BEGIN

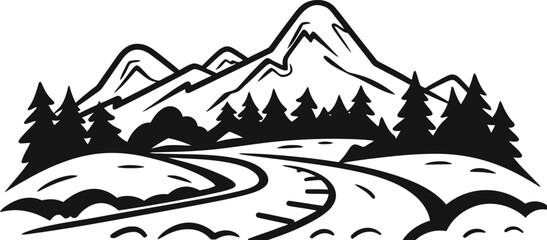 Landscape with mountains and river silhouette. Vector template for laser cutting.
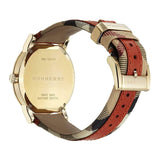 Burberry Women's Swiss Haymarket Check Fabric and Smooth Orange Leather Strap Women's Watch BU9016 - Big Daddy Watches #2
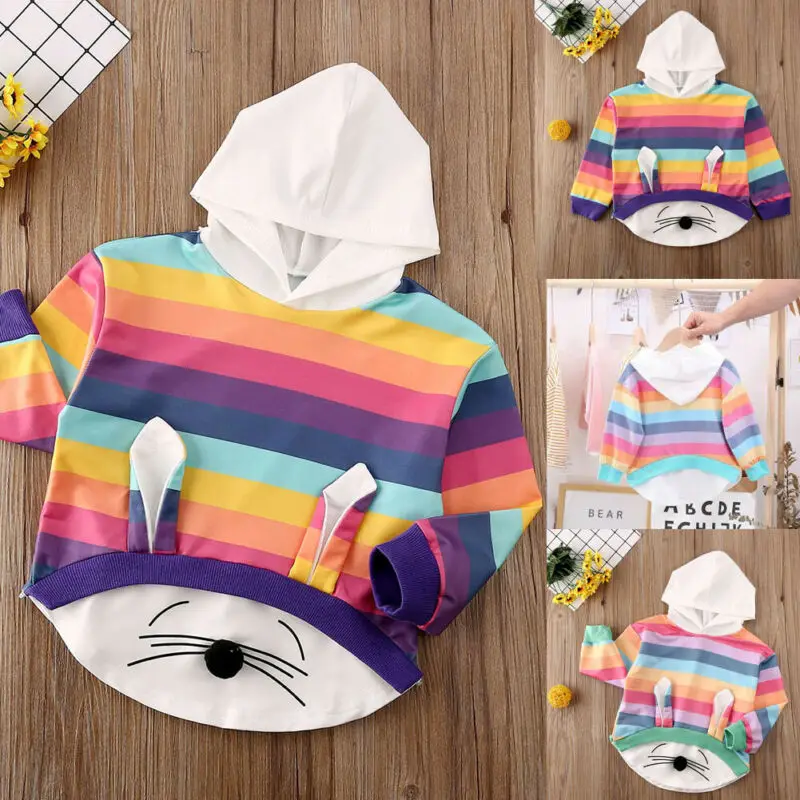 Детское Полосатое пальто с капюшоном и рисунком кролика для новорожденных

END
BEGIN

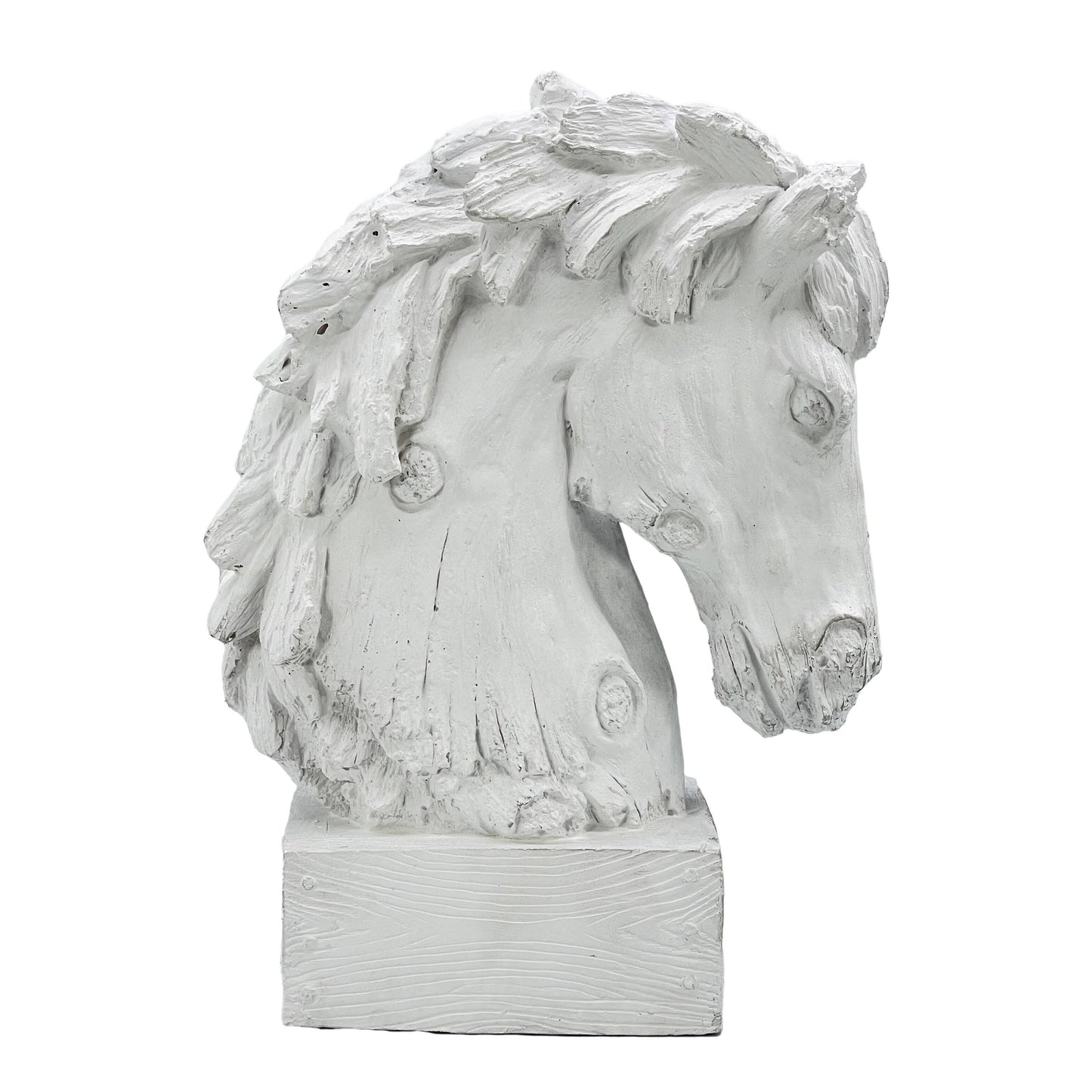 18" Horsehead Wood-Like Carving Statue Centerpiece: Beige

END
BEGIN

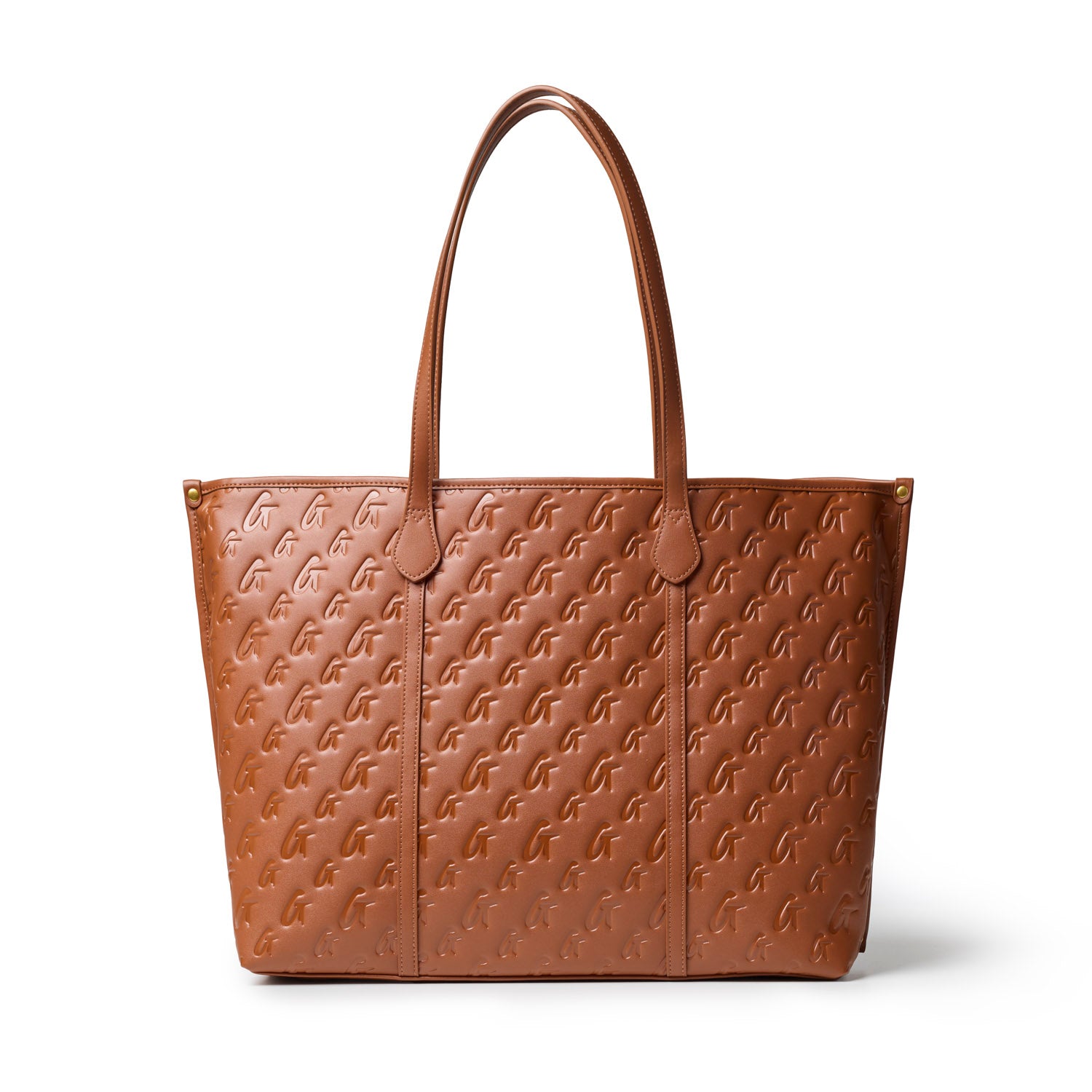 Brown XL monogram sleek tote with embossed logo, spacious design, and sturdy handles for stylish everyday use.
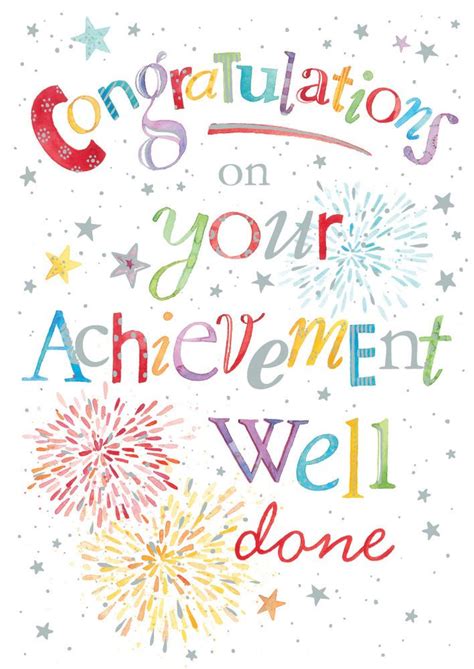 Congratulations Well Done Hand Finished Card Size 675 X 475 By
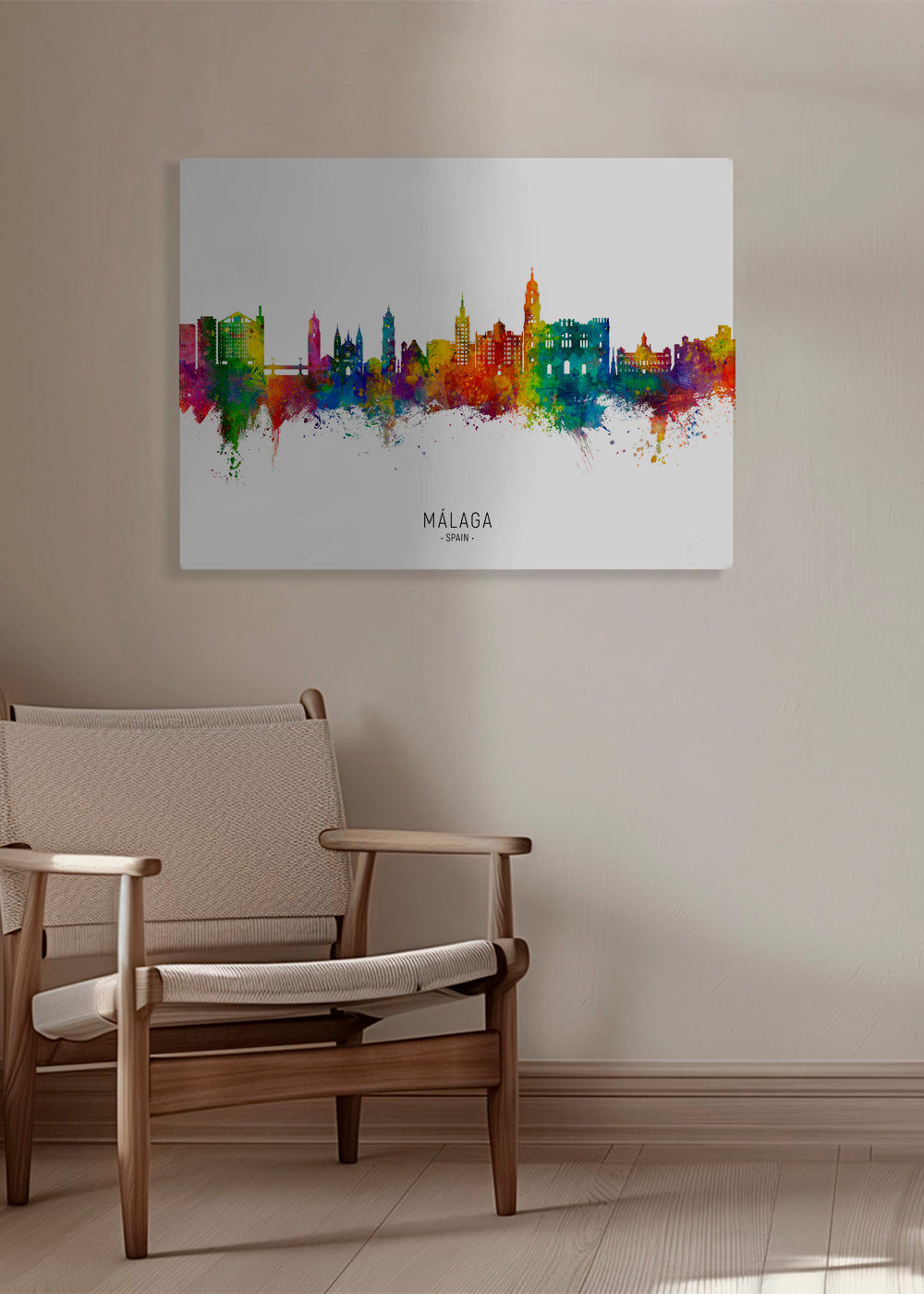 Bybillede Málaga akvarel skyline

END

◆ **WORK TO COMPLETE**
When you reach the line holding "Landscape with mountains" in the listing above, begin retyping exactly, and stop once the line holding "Детское Полосатое пальто" is done; pictures stay out.

◆ **RESULT BELOW**
 Landscape with mountains and river silhouette. Vector template for laser cutting.
 Burberry Women's Swiss Haymarket Check Fabric and Smooth Orange Leather Strap Women's Watch BU9016 - Big Daddy Watches #2
 Детское Полосатое пальто с капюшоном и рисунком кролика для новорожденных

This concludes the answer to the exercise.